Note that each loan is a combination of lenders.  Determine which loan sector has the highest ratio of dollar to lender amount.  Assign the sector with the highest ratio as a string to `ans5` below. 

In [14]:
### GRADED

ans5 = None

### BEGIN SOLUTION
# a = pd.merge(financials, use, on = 'id')
# b = pd.merge(a, crowdsource, on = 'id')
# b['ratio'] = b['funded_amount']/b['lender_count']
# ans5 = b.groupby('sector')['ratio'].max().idxmax()


# combined_data = pd.merge(financials, use, on='id')

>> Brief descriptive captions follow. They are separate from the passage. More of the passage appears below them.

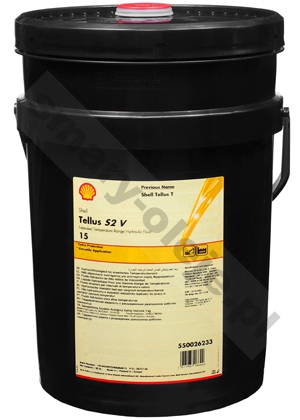 Shell Tellus S2 V 15 (Tellus T 15) opak. 20 L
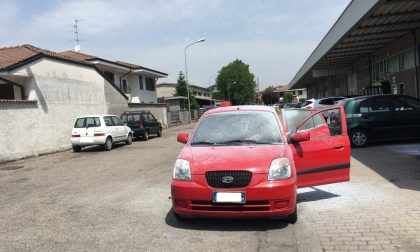 Incidente a Romentino: due persone ustionate, codice rosso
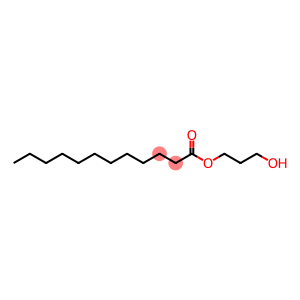 Dodecanoic acid 3-hydroxypropyl ester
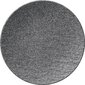 Villeroy & Boch Lautanen Manufacture Rock 16cm Granit hinta ja tiedot | Astiat | hobbyhall.fi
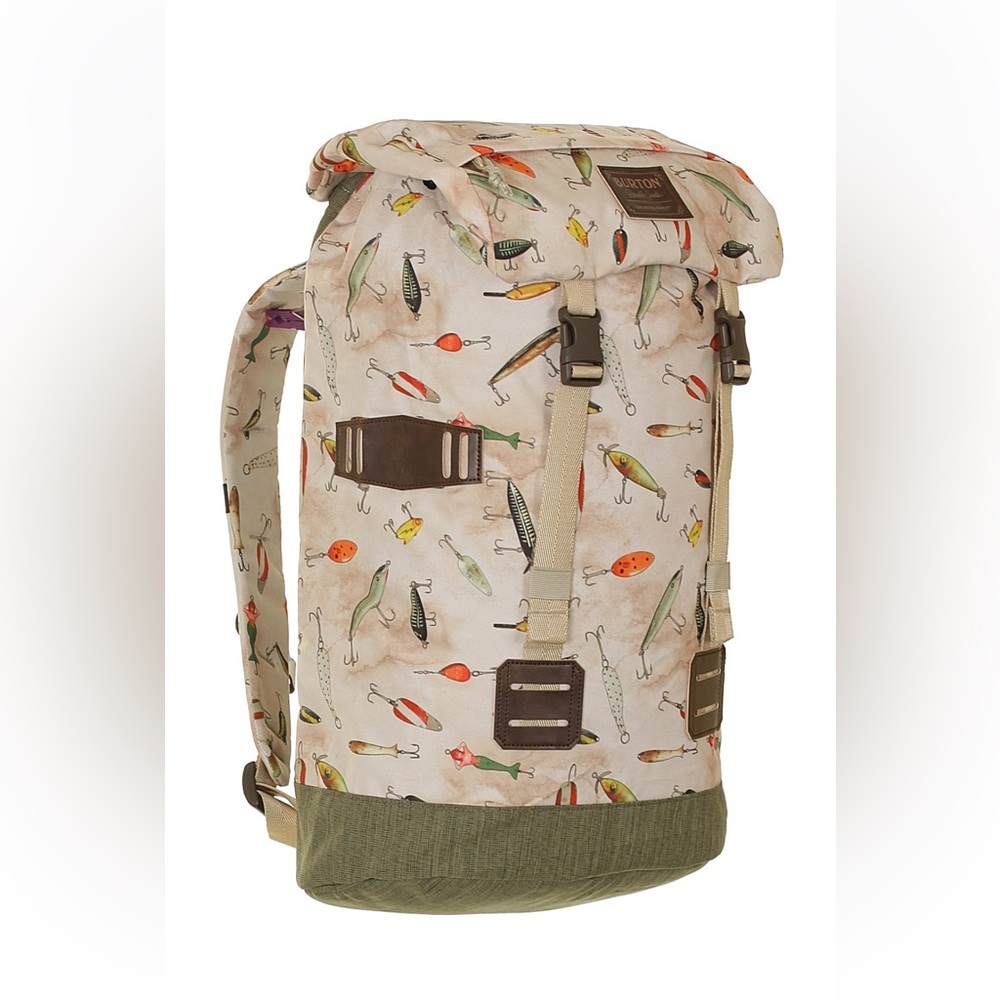 Burton fishing lure tinder Men's Backpack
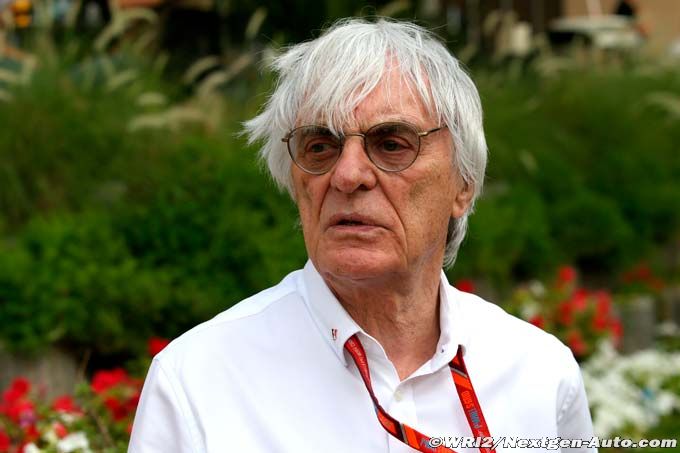 Ecclestone regrette la domination de (…)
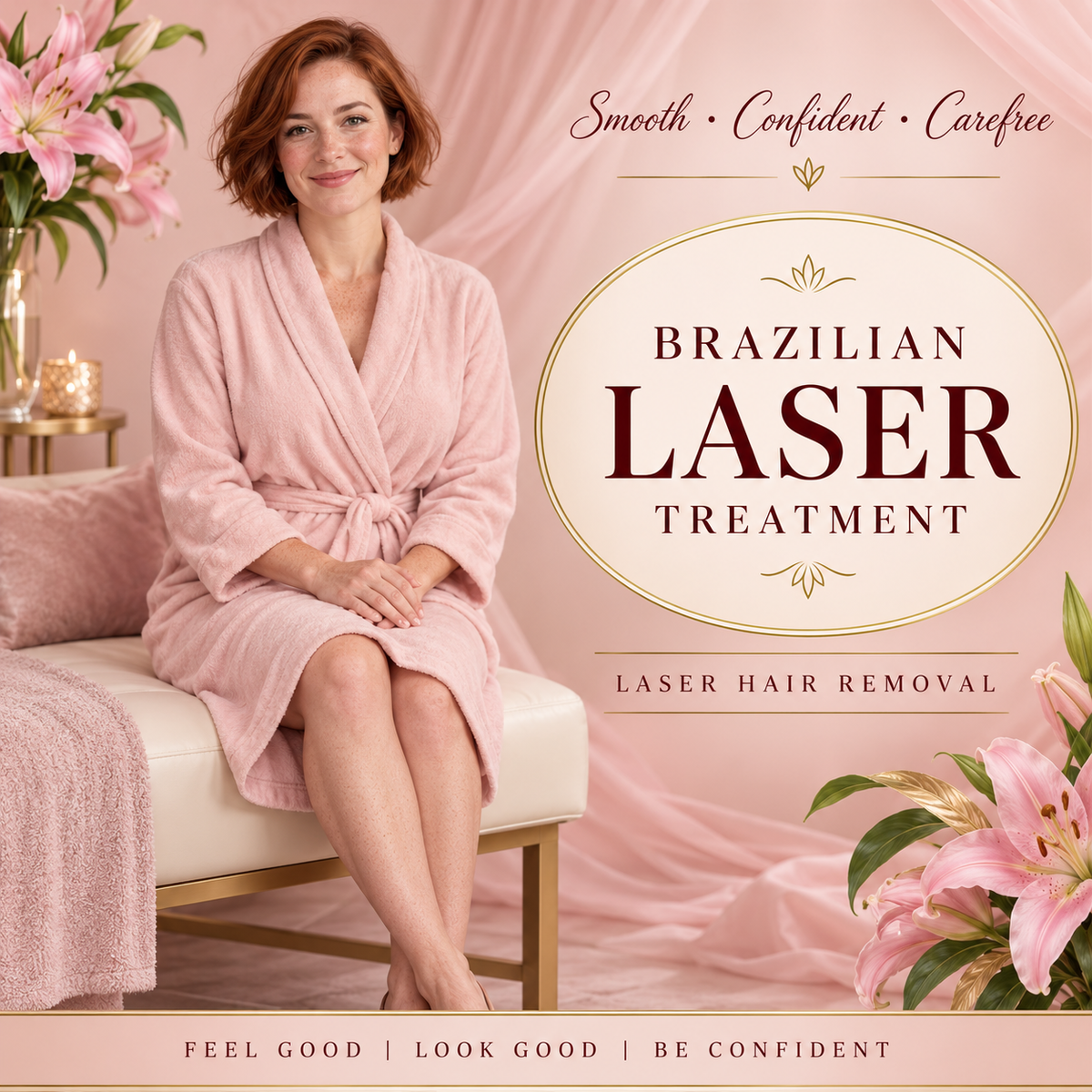 Laser - Brazilian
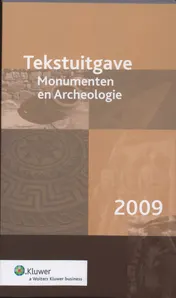 Omslag van 2009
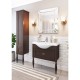 Тумба дуб тёмный шоколад 83 см Roca America Evolution L ZRU9302959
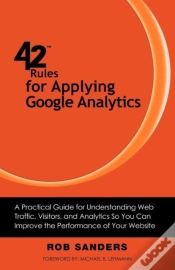 Capa do artigo 42 Rules For Applying Google Analytics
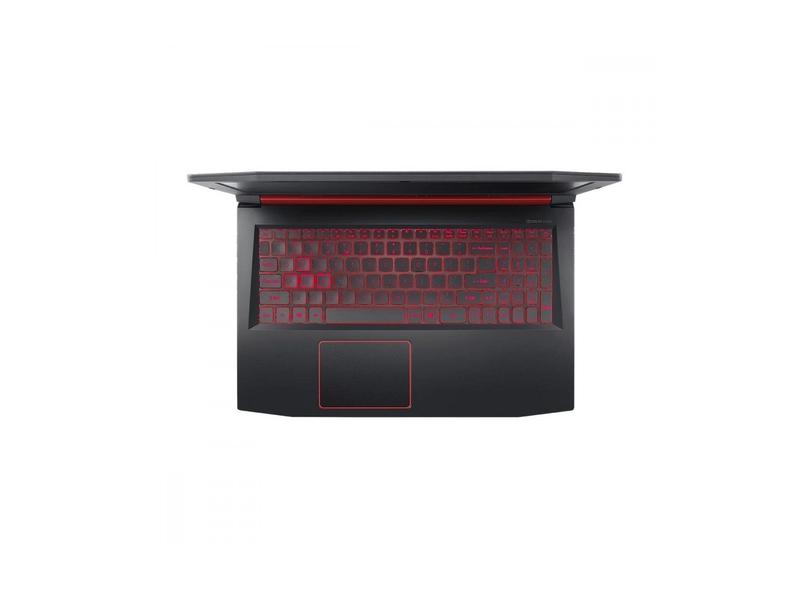 Клавиатура acer nitro 5 an515 52 черная топ панель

# combined_data['ratio'] = combined_data['funded_amount'] / combined_data['lender_count']

# ans5 = combined_data.groupby('sector')['ratio'].mean().idxmax()

crow_fin = pd.merge(left=crowdsource, right=sec_fin, on="id")
crow_fin1 = crow_fin.groupby("sector").sum()[["funded_amount", "lender_count"]]
crow_fin1["ratio_dollar_lender"] = crow_fin1["funded_amount"] / crow_fin1["lender_count"]
crow_fin2 = crow_fin1.sort_values("ratio_dollar_lender", ascending=False)
crow_fin3 = crow_fin2.reset_index()
ans5 = crow_fin3.iloc[0, 0]
### END SOLUTION

# Answer check
print(ans5)
print(type(ans5))

NameError: name 'sec_fin' is not defined

In [None]:
### BEGIN HIDDEN TESTS
crowdsource_ = pd.read_csv('data/kiva/crowdsource.csv')
demographics_ = pd.read_csv('data/kiva/demographics.csv')
financials_ = pd.read_csv('data/kiva/financials.csv')
use_ = pd.read_csv('data/kiva/use.csv')
a_ = pd.merge(financials_, use_, on = 'id')
b_ = pd.merge(a_, crowdsource, on = 'id')
b_['ratio'] = b_['funded_amount']/b_['lender_count']
ans5_ = b_.groupby('sector')['ratio'].max().idxmax()
#
#
#
assert type(ans5_) == type(ans5)
assert ans5_ == ans5
### END HIDDEN TESTS